## [Available data]
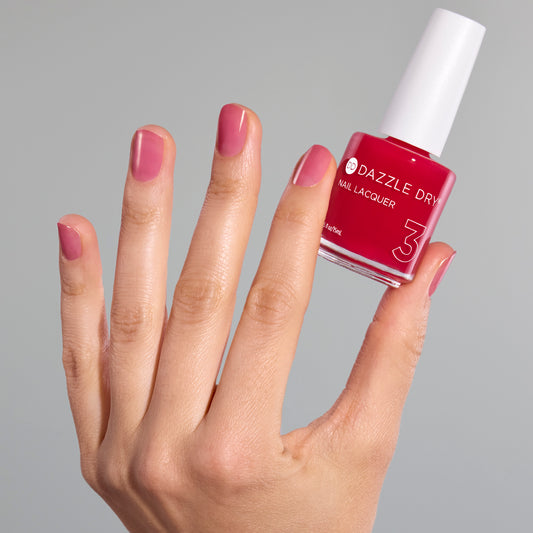 Hand with Sugar Dipped painted on nails holding lacquer bottle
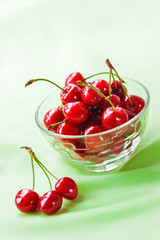Juicy ripe sweet cherries in glass bowl on gently green cloth background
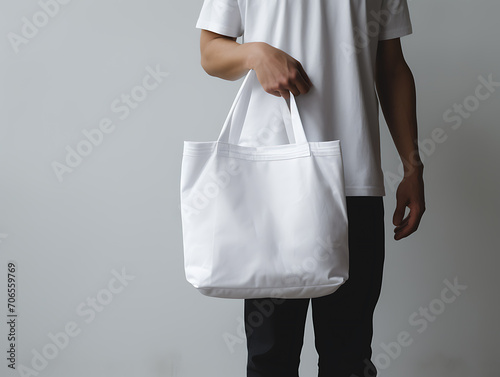 Man holding white blank tote bag for mockup template. Tote bag mock-up design, print presentation mock-up. Created with Generative AI.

## [How to complete this task]
Return all material verbatim, pictures omitted.

## [Task answer]
 Hand with Sugar Dipped painted on nails holding lacquer bottle
Juicy ripe sweet cherries in glass bowl on gently green cloth background
 Man holding white blank tote bag for mockup template. Tote bag mock-up design, print presentation mock-up. Created with Generative AI.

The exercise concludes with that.